A key passage for him was Romans 1:16:
For I am not ashamed of the gospel; it is the power of God for salvation to everyone who has faith, to the Jew first and also to the Greek.
With his deepening knowledge of the Scriptures and the original Hebrew and Greek in which the Old and New Testaments had been written, Luther’s understanding of God blossomed.

Up until this point in his life, Luther, like most of the people of his time, labored under the mistaken notion that righteousness was a state of moral perfection, a status God commanded of us, although none of us could ever attain it. Such a view made God a kind of contemptuous cat toying with human mice until they died.

Now, Luther saw that righteousness is having a right relationship with God and that it can’t be secured by anything we do. He saw that while God does demand moral purity from us and that our sin earns us everlasting condemnation, God Himself took on flesh in the Person of Jesus Christ so that He could die in our place on the cross and all with faith in Jesus won't be condemned. Instead, God gives all with faith in Jesus forgiveness and everlasting life. That's what Romans means when it talks about salvation and salvation as God's gift to believers in Christ. Period.

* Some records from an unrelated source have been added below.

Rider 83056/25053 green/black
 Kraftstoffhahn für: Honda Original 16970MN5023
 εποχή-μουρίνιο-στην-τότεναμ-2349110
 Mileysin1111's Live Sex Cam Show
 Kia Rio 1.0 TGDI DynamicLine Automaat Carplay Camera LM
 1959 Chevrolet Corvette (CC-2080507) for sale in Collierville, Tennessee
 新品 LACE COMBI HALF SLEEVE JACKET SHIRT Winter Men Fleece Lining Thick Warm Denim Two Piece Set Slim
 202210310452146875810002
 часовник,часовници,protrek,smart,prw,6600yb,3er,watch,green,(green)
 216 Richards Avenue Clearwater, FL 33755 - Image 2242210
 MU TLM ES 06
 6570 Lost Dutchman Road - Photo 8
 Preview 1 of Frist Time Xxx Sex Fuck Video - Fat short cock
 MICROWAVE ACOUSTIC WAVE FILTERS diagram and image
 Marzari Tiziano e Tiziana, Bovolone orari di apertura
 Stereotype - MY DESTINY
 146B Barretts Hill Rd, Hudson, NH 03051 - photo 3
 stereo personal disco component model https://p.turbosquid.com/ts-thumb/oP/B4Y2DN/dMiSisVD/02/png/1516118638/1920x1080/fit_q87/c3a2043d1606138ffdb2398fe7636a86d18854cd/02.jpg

Realizing all of this now, Luther, who studied in the tower of the monastery at Wittenberg had what was later called his “tower experience.” While studying God’s Word, Luther had an overpowering sense of the depths of God’s love for all of us--including himself. Coming to know that rigteousness is God’s gift to all who turn from sin and entrust their lives to Christ, Luther said, was like having the gates of heaven thrown open to him! The faithful person would try to respond to the love of God given through Jesus Christ, of course. But, Luther knew, we can’t earn God’s love. It’s a gift called grace.

The once-neurotically ashamed Martin Luther now became a joyful champion of the new life that God gives to all with faith in Christ. As he grew in the confidence he had in Christ and in God’s love for him, Luther grew bolder in sharing what he had learned about God from the Bible.

On October 31, 1517, he posted 95 theses--or propositions--for debate on the church door in Wittenberg. In those days, a scholar who wished to engage in discussion about important issues posted points on the doors of churches. Church doors were the Power Points or bulletin boards of that time.

Luther’s theses were prompted by a common practice in the Roman Catholic Church of his day. The Church then taught that there was a place called “purgatory,” a sort of holding room that the dead supposedly went to between death and eternity. Purgatory was supposed to be a place where people were purified for entry into heaven. To raise money, the Church often authorized the mass sale of pieces of paper known as indulgences. These indulgences allowed people to buy hundreds or thousands of years out of purgatory for loved ones or even themselves.2

Luther, now certain that eternity was a free gift, was deeply offended by this practice. He would later say that if there were such a place as purgatory and that if the Pope, as head of the Church, had the capacity to free people from the place, he should do so out of simple compassion and not accept a penny for the service.3

When Luther’s preaching against indulgences began to effect the bottom line on their sale, the Church went after him. Ultimately, he came under what was known as an “imperial ban.” That meant that both the Church and the powerful Holy Roman Empire, a confederation of principalities and nations, agreed that if any one saw Martin Luther, he was to be killed on sight. Luther was labeled a heretic, a perverter of the Christian faith.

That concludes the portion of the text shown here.